Compton: I played everything, but the bands I always toured with I was on drums. I've worked in TV and stuff and written other things, where I would have to play everything though. So when I started playing with Asa, it was kind of the same thing. I would do bass, I would drums, guitar, whatever.
Taccone: It was like all hip-hop in the Bay, so that was mostly what I grew up on. I ended up working with friends and random Bay Area rappers, but I got so burnt out on it and started playing more stuff on my own. Inevitably I branched away from it, but you can still hear a lot of it in the drums. I still try to make things hit in a certain way to where people can still feel how much I like hip-hop.
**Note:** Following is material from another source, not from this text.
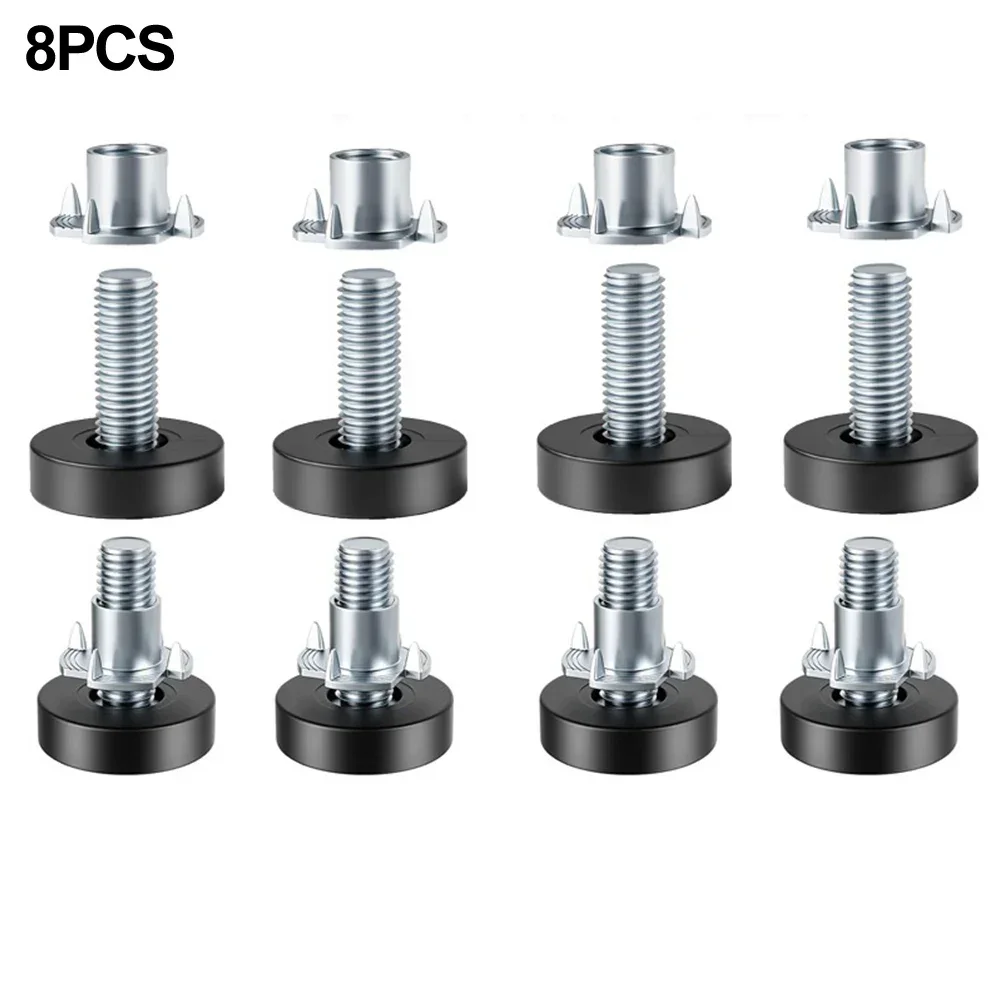 Office Furniture Equipment - 8PCS Adjustable Furniture Leveling Feet Base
Is that something you and Danger Mouse were able to bond over?
Taccone: Yeah, because I think we both have a similar history. He grew up on a lot of hip-hop too, even though he was a lot more open to different stuff growing up. He liked a lot of psychedelic '60s music and stuff. He and Matt exposed me to a lot of new stuff only in the last six years though. Hip-hop was hard for me to let go of.
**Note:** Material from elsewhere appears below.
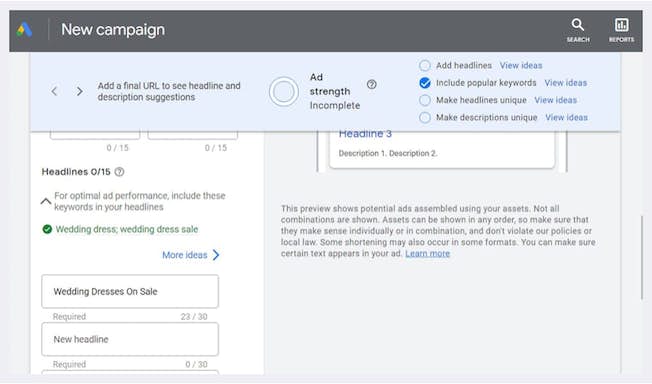 Przykład kampanii reklamowej Amazon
How did you and Danger Mouse initially meet?
Taccone: He was sort of like my mentor for a while. I played him tracks for years and finally he was like you should do an album and we should do it together, but there was a chunk of years between us saying that and it actually happening. I met him maybe eight years ago. He was friends with my brother and I would just call my brother to play him my beats over the phone. One day he said, "Hold on. I want to play it for my friend," and he put Brian on the phone.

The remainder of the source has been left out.